Weirdest films from Cannes 2022
After a two-year hiatus following Covid restrictions in France, the Cannes International Film Festival saw full seating capacity this year, befitting its 75th anniversary celebration. Actor Tom Cruise’s career retrospective and honorary Palme D’or, a Top Gun: Maverick promotional fighter-jet flyby, as well as the celebrity allure of red carpet appearances, made for some of the eye-catching spectacles that the Palais des Festivals had to offer this year.
However, away from the glitz and glamour, the film festival had some of the wildest, most absurd titles among their Official Selection, reactions to which have left many scratching their head or being repulsed to the point of walk-outs.

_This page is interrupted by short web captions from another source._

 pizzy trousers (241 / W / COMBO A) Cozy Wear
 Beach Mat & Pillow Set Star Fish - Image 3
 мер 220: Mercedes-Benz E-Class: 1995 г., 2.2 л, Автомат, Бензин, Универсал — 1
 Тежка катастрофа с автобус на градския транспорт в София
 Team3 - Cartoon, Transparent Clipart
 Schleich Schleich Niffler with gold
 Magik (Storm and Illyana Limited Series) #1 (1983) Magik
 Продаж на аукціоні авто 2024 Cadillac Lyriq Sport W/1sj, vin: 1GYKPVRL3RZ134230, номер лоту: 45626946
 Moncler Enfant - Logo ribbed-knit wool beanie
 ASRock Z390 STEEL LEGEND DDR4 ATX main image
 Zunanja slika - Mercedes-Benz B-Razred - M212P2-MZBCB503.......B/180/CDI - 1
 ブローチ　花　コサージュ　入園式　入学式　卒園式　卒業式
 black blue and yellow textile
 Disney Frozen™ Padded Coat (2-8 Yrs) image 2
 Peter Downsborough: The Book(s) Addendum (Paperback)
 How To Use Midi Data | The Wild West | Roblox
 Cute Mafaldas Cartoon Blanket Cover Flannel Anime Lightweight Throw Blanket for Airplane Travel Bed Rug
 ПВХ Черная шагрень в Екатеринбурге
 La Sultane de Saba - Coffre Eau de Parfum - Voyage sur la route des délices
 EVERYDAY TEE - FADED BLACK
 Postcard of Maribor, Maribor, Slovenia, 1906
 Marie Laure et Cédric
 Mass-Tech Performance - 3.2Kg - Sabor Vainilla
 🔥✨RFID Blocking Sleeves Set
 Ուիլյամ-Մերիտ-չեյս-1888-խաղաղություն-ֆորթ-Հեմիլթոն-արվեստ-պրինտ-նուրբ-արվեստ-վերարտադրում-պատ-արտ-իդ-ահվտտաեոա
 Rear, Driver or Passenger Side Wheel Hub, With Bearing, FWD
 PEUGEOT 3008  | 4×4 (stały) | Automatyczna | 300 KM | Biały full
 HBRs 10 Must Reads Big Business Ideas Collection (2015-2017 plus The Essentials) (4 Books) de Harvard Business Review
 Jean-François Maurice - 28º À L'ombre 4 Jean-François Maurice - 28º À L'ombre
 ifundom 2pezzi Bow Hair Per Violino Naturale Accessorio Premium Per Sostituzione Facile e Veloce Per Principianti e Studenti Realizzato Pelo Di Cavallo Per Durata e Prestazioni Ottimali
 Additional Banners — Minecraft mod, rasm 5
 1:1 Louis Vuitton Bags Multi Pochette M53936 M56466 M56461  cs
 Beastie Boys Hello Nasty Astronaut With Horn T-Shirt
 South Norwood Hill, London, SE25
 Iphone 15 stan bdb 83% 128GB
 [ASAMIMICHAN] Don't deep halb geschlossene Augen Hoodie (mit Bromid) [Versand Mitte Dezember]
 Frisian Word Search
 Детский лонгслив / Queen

Though film festivals have had a tendency to shroud themselves in pretenses of the ‘art-house’ or ‘high-art’, often more than not, the quality of cinema exhibited at these festivals are as suspected: self-indulgent and championing style over substance.
And while that may be the case for a good chunk of this year’s selection, here are some of the wackiest, most preposterous (albeit fascinating) films to have premiered at the festival this year to watch out for as they hit streaming and theatres.
1. CRIMES OF THE FUTURE
Director: David Cronenberg
Over the years, David Cronenberg has established himself as a Cannes icon, his previous work – Crash, A History of Violence and Cosmopolis – leaving a ‘lasting’ impact to say the least on the Cannes jury. The filmmaker has brought his eccentricities to the fore once more with Crimes of the Future. The film is set in a dystopian future where the human body is subjugated to a series of transformations and mutations and was met with walk-outs a mere five minutes into the premiere. A master of body horror, Cronenberg doesn’t hold back with his latest flick, as grisly autopsy sequences and disembowelment scenes test the limits of one’s gag reflex. And if that wasn’t enough, he attaches some weird sexual undertones to these surgical processes as characters orgasm by licking each others bare wounds, really putting the six-minute standing ovation it received into question.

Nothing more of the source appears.